O fundo de pensão da Volkswagen não optou pela contratação deste pacote de serviços. “Não queríamos misturar os serviços de custódia com a administração de risco”, explica o analista financeiro da VWPP. Outra saída era contratar uma consultoria independente para realizar a análise de risco ou então trazer a função para a equipe interna. “Decidimos contratar uma instituição como a Dreyfus em função de sua especialização e reconhecimento internacional, porque temos que prestar contas para a nossa matriz”, afirma César Favilla.
O trabalho principal da Dreyfus será o de acompanhar a “compliance” dos mandatos concedidos aos gestores. O administrador de risco fica responsável pela produção de relatórios gerenciais diários para mostrar a posição de risco dos ativos presentes nos fundos exclusivos. “Podemos visualizar todos os ativos dos fundos exclusivos da fundação e damos um sinal vermelho, amarelo ou verde dependendo da situação de risco”, declara Roberto Pitta. O sistema, por enquanto, ainda não está tendo atualizações diárias em função da demora na prestação de informações dos gestores para o custodiante e deste para a Dreyfus.
Os relatórios fornecidos pela Dreyfus à fundação servem de base para a avaliação permanente dos gestores. Uma vez por ano será realizada uma avaliação mais detalhada e haverá a substituição de um ou mais gestores que tiverem as piores performances. A VWPP mantém um ranking permanente de gestores, utilizado para designar quem deve ser contratado. O ranking é elaborado com base em critérios quantitativos (rentabilidade, taxas e volume de recursos administrados) e qualitativos (qualificação profissional da equipe, qualidade administrativa e o gerenciamento de risco). “Tomaremos decisões quanto aos gestores com base em critérios objetivos”, diz César Favilla. O executivo explica que um dos objetivos do novo sistema é propiciar a competição entre os gestores.
Organização – Se, por um lado, a gestão dos recursos do fundo de pensão foi totalmente terceirizada, por outro, algumas funções foram trazidas para dentro de casa. Como parte do processo de reestruturação do fundo de pensão, foi criada uma organização de quatro superintendências integradas entre si para cuidar de todos os aspectos do plano de benefícios. “Hoje as superintendências de finanças, assuntos legais, recursos humanos e controladoria apresentam forte integração”, afirma Favilla. Atualmente, toda a contabilidade e a produção de relatórios para a Secretaria de Previdência Complementar (SPC) é realizada pela própria equipe da Volkswagen.

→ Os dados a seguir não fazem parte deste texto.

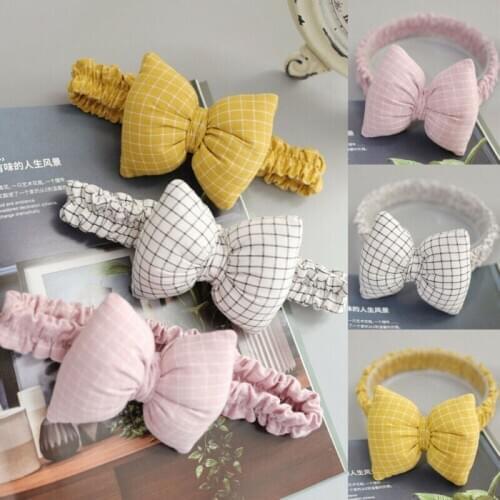 Baby Girls Headwraps Bowknot Plaid Design Hairbands Toddler Soft Elastic Stretchable Head Accessories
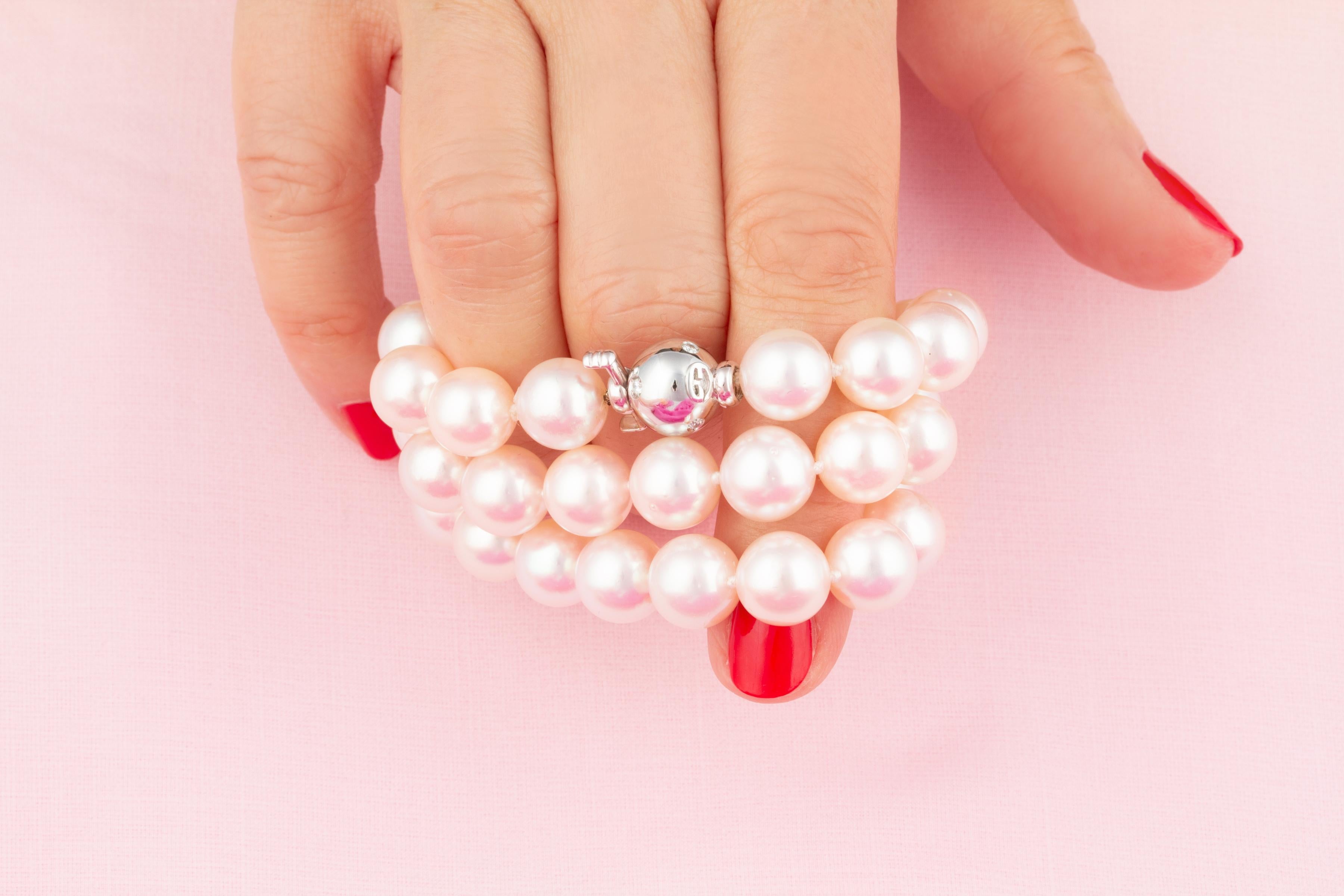 Women's Pearl Necklace 10mm Design by Ella Gafter For Sale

Para isso, a empresa começou a trabalhar desde o início do ano passado com um software da SFR Previtec. A VWPP adquiriu os módulos de contabilidade, de seguridade e de legislação da SFR. Mas agora o principal desafio do fundo de pensão da Volkswagen vai mais além do cumprimento das exigências burocráticas impostas pela SPC. “O principal objetivo de toda nossa reestruturação é poder mostrar ao participante nossos avanços”, ressalta César Favilla. Ele explica que a meta da Volkswagen é trazer o maior número de funcionários possível para dentro do plano como contribuintes. “Queremos mostrar que podemos oferecer um serviço melhor que o de uma empresa de previdência aberta ou de uma asset management. O objetivo é atrair a poupança dos funcionários da Volkswagen para dentro do fundo de pensão”.
Mudanças em plano pioneiro
Não foi apenas a gestão dos recursos que mudou no fundo de pensão da Volkswagen. O plano de benefícios também sofreu grandes alterações. Apesar de ter sido o primeiro plano de contribuição definida do Brasil, o plano de benefícios da VWPP trazia características que não se adequavam à situação atual do mercado. Prova disso é que apenas a décima parte do quadro de funcionários da empresa participava com contribuições voluntárias, sendo custeado basicamente com as contribuições da patrocinadora.
O plano era do tipo CD, mas tinha algumas características incomuns em comparação aos desenhos mais modernos. Por exemplo, as reservas constituídas pelas contribuições da patrocinadora, que representavam a maior parte do fundo, tinham um rendimento fixo de TR mais 6% ao ano. A rentabilidade da carteira de investimentos era repassada apenas para as reservas formadas pelas contribuições dos participantes, que representavam a menor parte do fundo.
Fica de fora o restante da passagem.